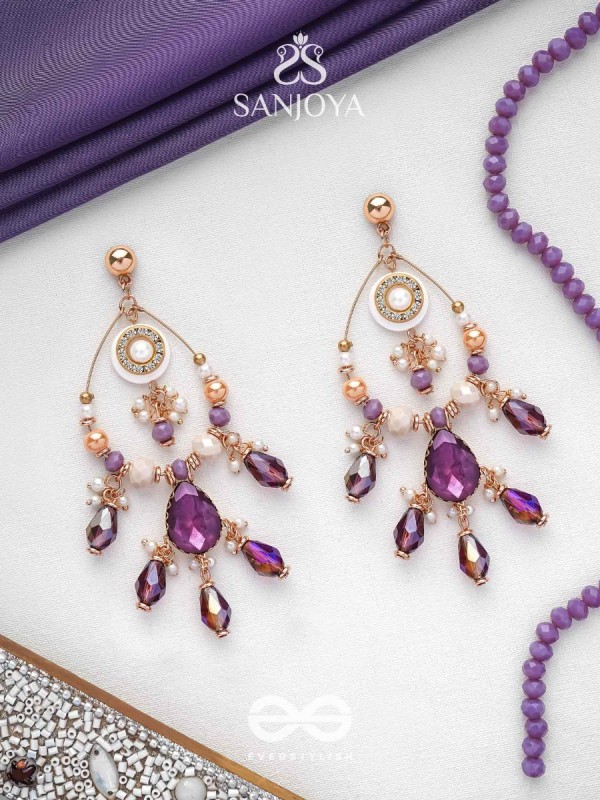 Pratihata - The Sangria Chandeliers - Statement Golden Embellished Earrings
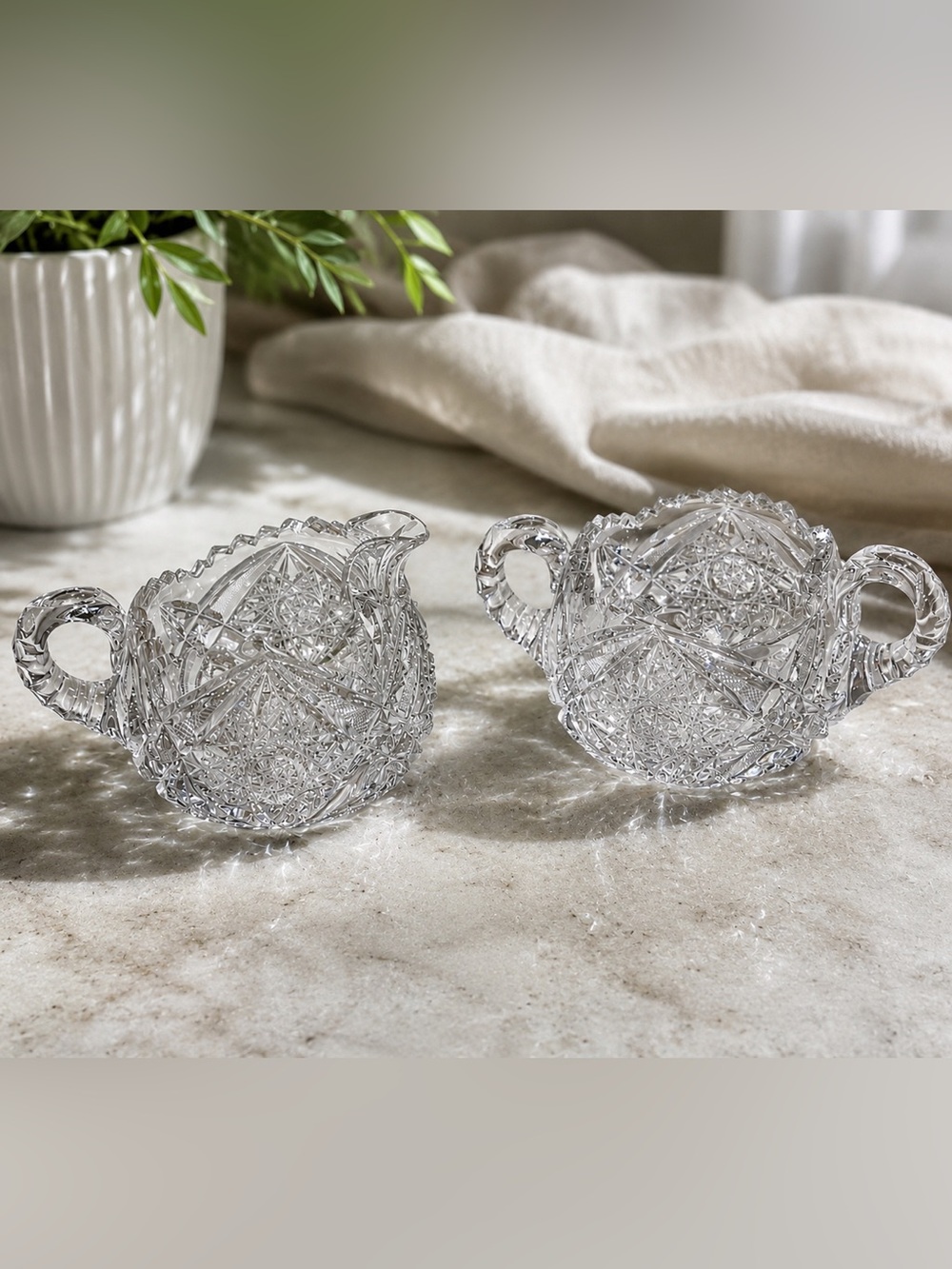 American Brilliant Era Handblown Hand Cut Crystal Sugar & Creamer Set |Prismatic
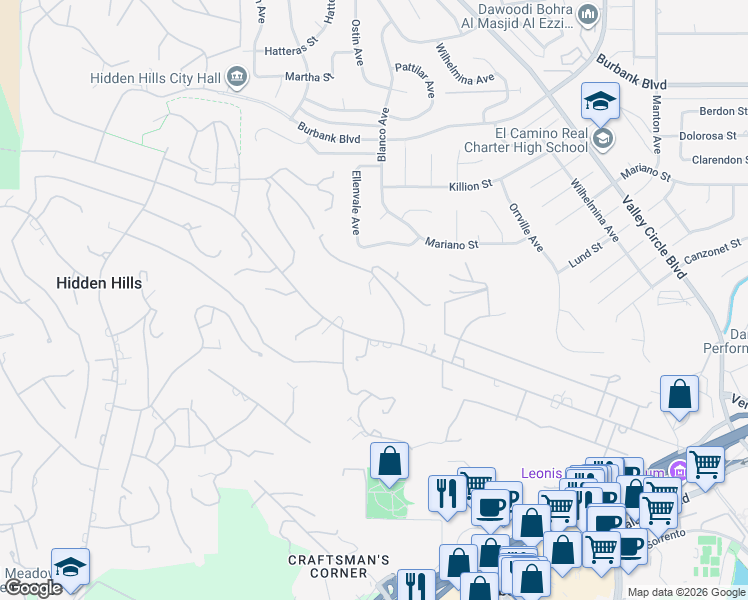 map of restaurants, bars, coffee shops, grocery stores, and more near 5625 Penland Road in Hidden Hills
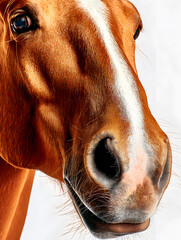 Close-up view of a brown horse enjoying a sunny day outdoors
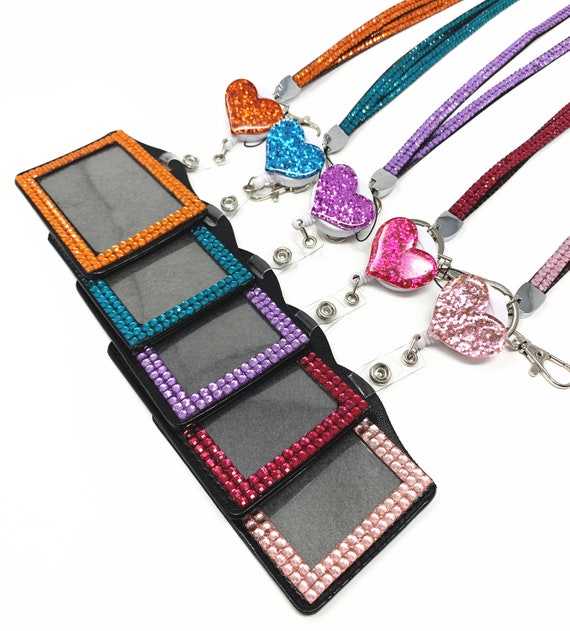 Bling Glitter Heart Retractable Reel swivel Clip with Horizontal ID badge holder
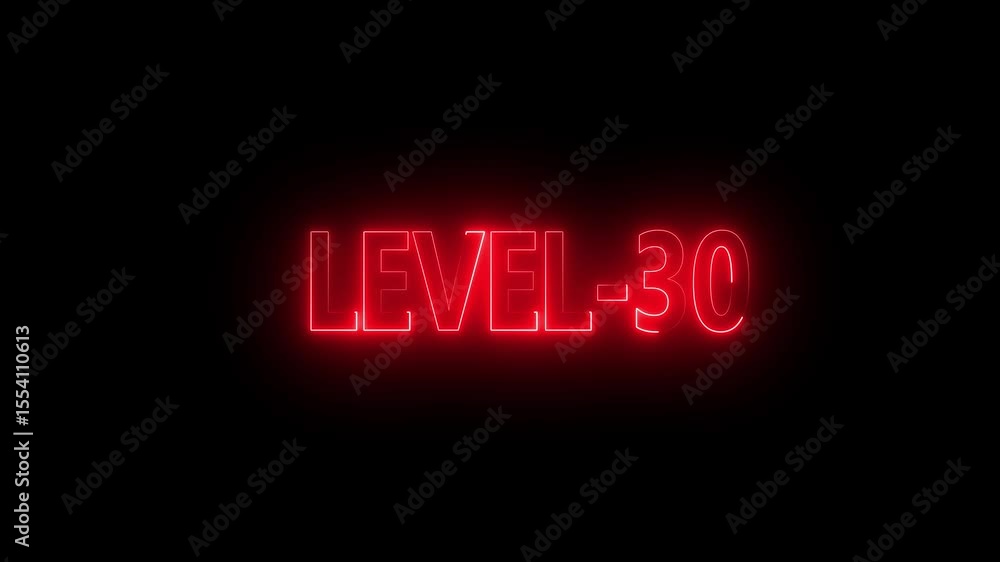 Poster glowing level-30 text with glitch effects animation. game concept next level icon isolated . black b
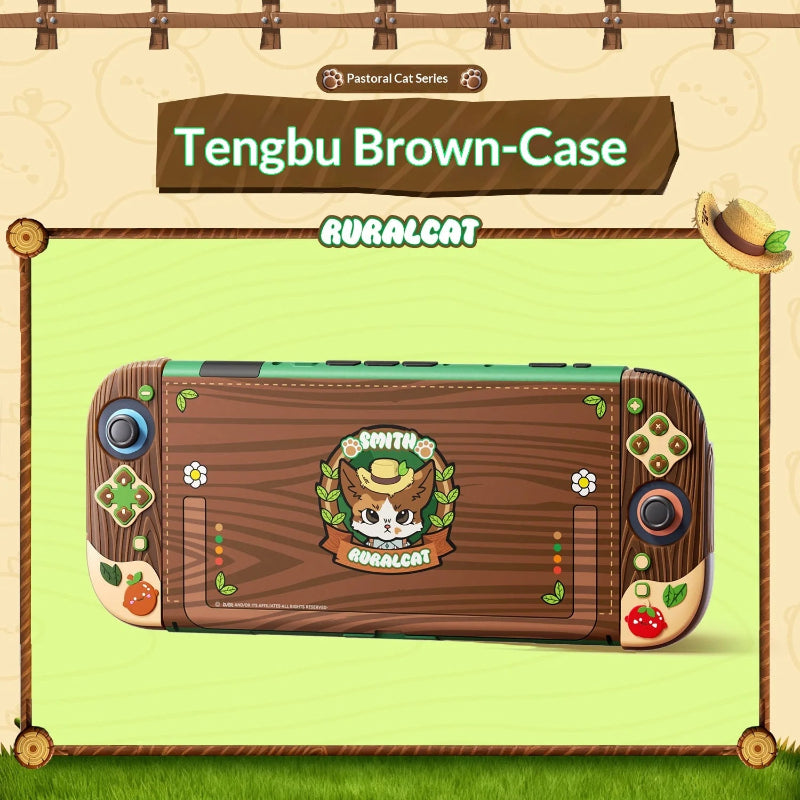 Brown case with cat design and 'Pastoral Cat Series' branding on a green background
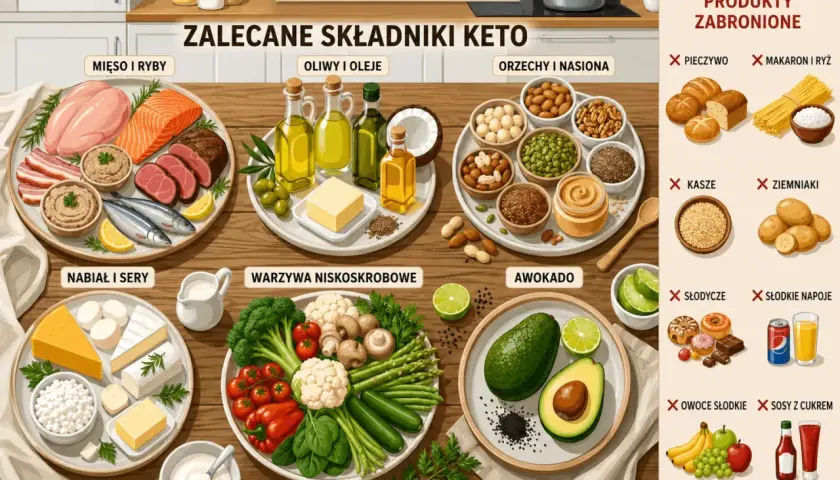 Zalecane składniki diety keto: mięso, ryby, nabiał, warzywa, awokado, oliwy, orzechy. Produkty zakazane: pieczywo, makaron, ziemniaki, słodycze.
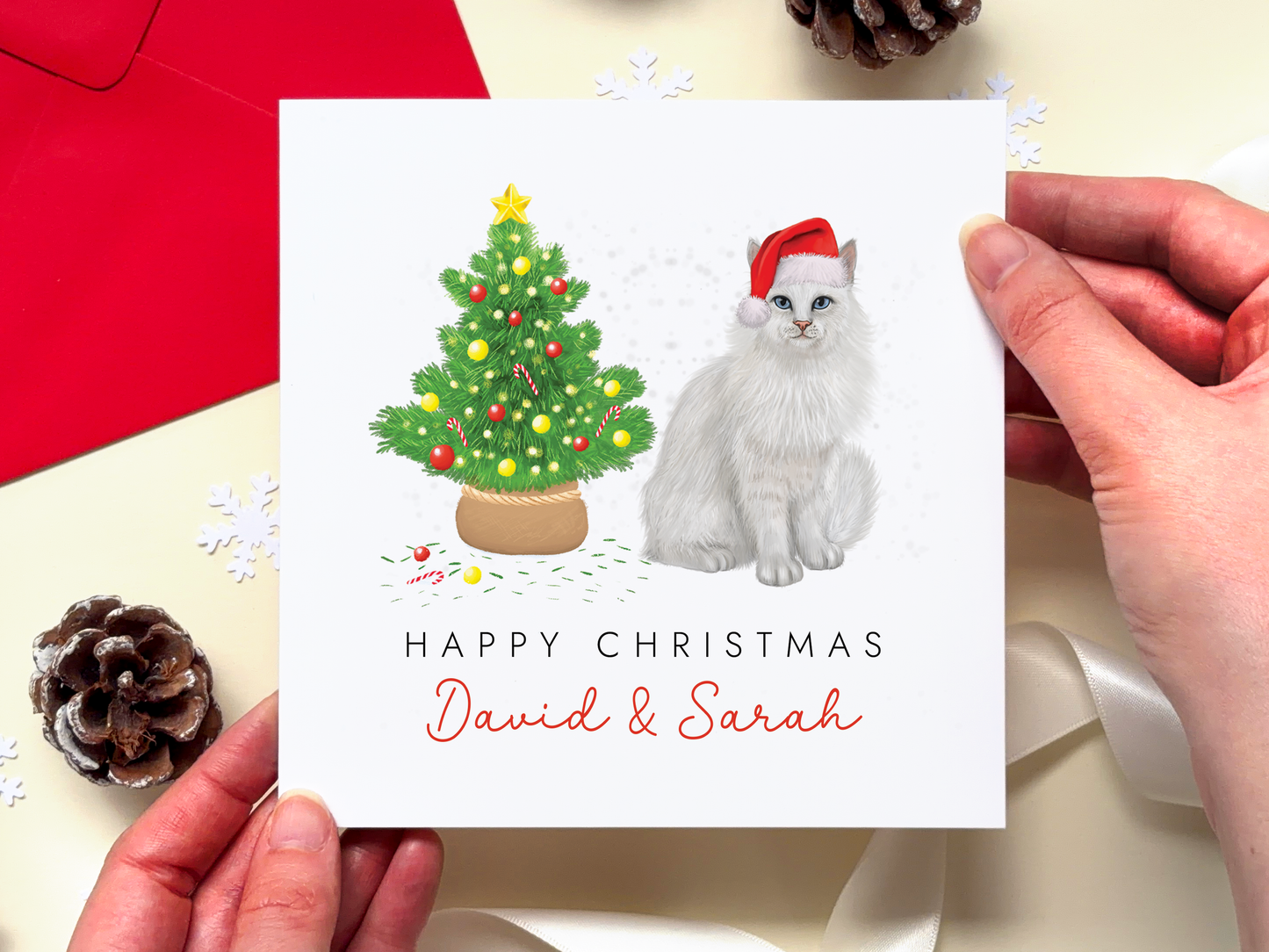 Personalised White Cat Christmas Card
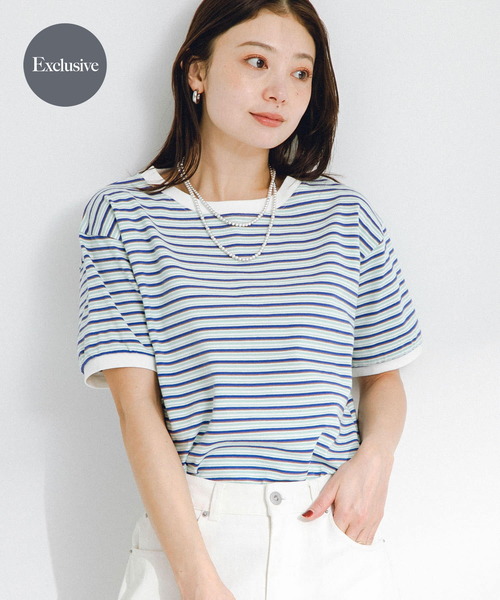 STAR&STRIPE（スターアンドストライプ）の「『別注』STAR&STRIPE×Sonny Label　マルチボーダーTシャツ（Tシャツ/カットソー・レディース・ブルー系その他/ブラック系その他/グリーン系その他・FREE）」の3枚目の写真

(Exercise details): In the copy, keep every line of the data above exactly and drop each picture.

(Answer to the exercise):
 Pratihata - The Sangria Chandeliers - Statement Golden Embellished Earrings
 American Brilliant Era Handblown Hand Cut Crystal Sugar & Creamer Set |Prismatic
 map of restaurants, bars, coffee shops, grocery stores, and more near 5625 Penland Road in Hidden Hills
 Close-up view of a brown horse enjoying a sunny day outdoors
 Bling Glitter Heart Retractable Reel swivel Clip with Horizontal ID badge holder
 Poster glowing level-30 text with glitch effects animation. game concept next level icon isolated . black b
 Brown case with cat design and 'Pastoral Cat Series' branding on a green background
 Zalecane składniki diety keto: mięso, ryby, nabiał, warzywa, awokado, oliwy, orzechy. Produkty zakazane: pieczywo, makaron, ziemniaki, słodycze.
 Personalised White Cat Christmas Card
 STAR&STRIPE（スターアンドストライプ）の「『別注』STAR&STRIPE×Sonny Label　マルチボーダーTシャツ（Tシャツ/カットソー・レディース・ブルー系その他/ブラック系その他/グリーン系その他・FREE）」の3枚目の写真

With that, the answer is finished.